A Short History of Drunkeness by Mark Forsyth
As Christmas approaches many will be enjoying a few more tinctures than usual – the unit count will exceed that spurious level doctors invented decades ago which was based on the well known ‘finger in the air’ technique. Where did it all begin? Where did our abiding love of all things alcoholic develop? This book gives you an insight into drinking cultures from pre-history to the time of the American prohibition. It’s that thing of wonder, both erudite and witty, each page bringing out a gasp of astonishment as some arcane fact is revealed.
A friend once said that the human condition is based on four things: the need for food, shelter, sex and getting off our skulls, and it seems that our ancestors showed us the way. Where we would say, ‘Hold on, old chap (or chapess), take it easy’, they were going full-steam ahead, often trying to commune with gods or, at the very least, to vomit copiously and then start all over again. A night with the Egyptians wasn’t complete without falling over drunk, random sex and a long, long sleep. (Makes Nottingham student revelries seem very dull).
Forsyth informs us of the differences between an English inn, a tavern and a pub through history; The Tabard Inn of Canterbury Tales fame was actually not what we would know as an ‘inn’ but more like a grand hotel, hence the reason so many pilgrims could be put up in relative luxury.
England in the 1600s was a country where gin ruled, brought into this country by William of Orange whose soldiers drank vast quantities of the stuff, hence Dutch courage, so fearless were they in battle. The product was untaxed and consequently within the reach of the very poor who used it, unsurprisingly, to drown out the desperation of their daily existence. Mothers would sell their baby’s clothes to buy the liquid, leaving the poor child, literally, to die in a ditch.
Russia favoured vodka of course, neat, and both Ivan The Terrible and Stalin would force their right-hand-men to quaff more than was good for them in the accurate belief that no conspiracy could be wrought by someone drunk enough to spill the beans at the first asking, the old ‘in vino veritas’ method. Australia, in the early days, was run by whoever controlled the rum trade, the spirit being used as an inducement to work and a method of control for the Governors.
The Wild West, as we know, was a Hollywood myth for the most part. Saloon doors were single, sturdy constructs not the swing doors we see nearly all the time. The bar itself would be at the end of the room and would, most likely, cost more than the rest of the saloon put together. There would be a mirror stretching behind the bar, again, a very costly item. This afforded the drinkers the opportunity to see who might be coming up behind them and to ogle a picture of the scantily clad lady which would invariably be positioned on the wall. Beer or whisky was the order of the day, although a recent TV programme indicated that a gin fizz was available to the chaps in chaps, not entirely in keeping with the macho, Colt-wielding image. Prohibition was a feminist construct, an attempt to prevent men abandoning families to the draw of the bar, handing over the week’s wages and leaving the mother and children in destitution.

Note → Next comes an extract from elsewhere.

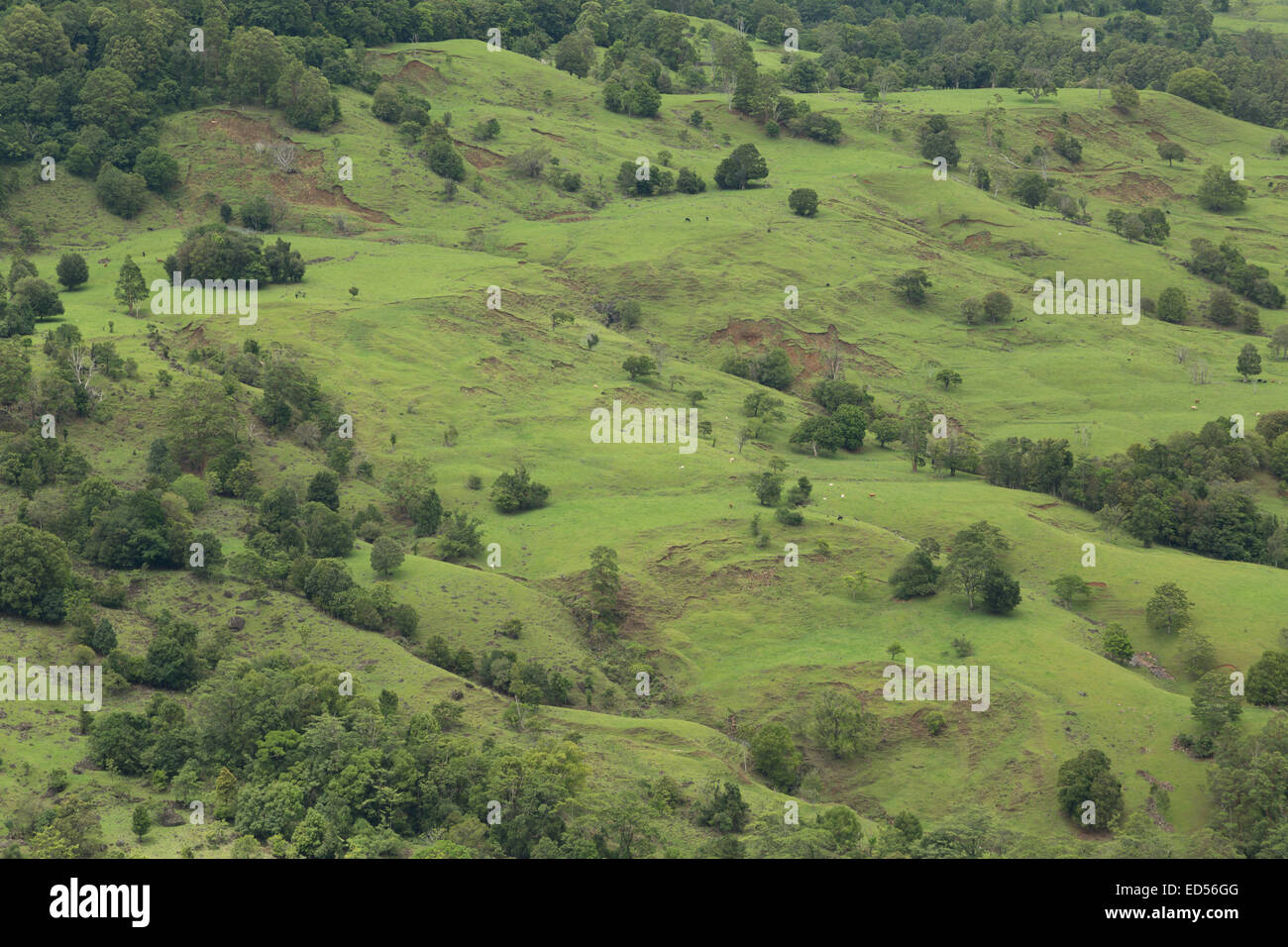 A photograph of some rolling green hills near the border of New South Wales and Queensland in Australia. Stock Photo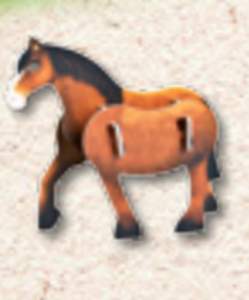 Kůň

The only quibbles are that Alexander the Great gets a single line mention; an Olympian toper Alexander killed during a drunken rage, the man who had saved his life, Cleitus the Black. Secondly, modern American literature is littered with drinkers and there is a discussion to be had whether the likes of Faulkner, Kerouac, Hemingway and Bukowski were the better or worse for drink. Again, Churchill spent much of his war years high as a kite on brandy and champagne. Anyway, life is and has always been a tough proposition – some see it through without a single snifter, but others choose not to. I would highly (pardon the pun) recommend this book – the frivolous title belies a little gem and makes me feel a lot better for my personal consumption!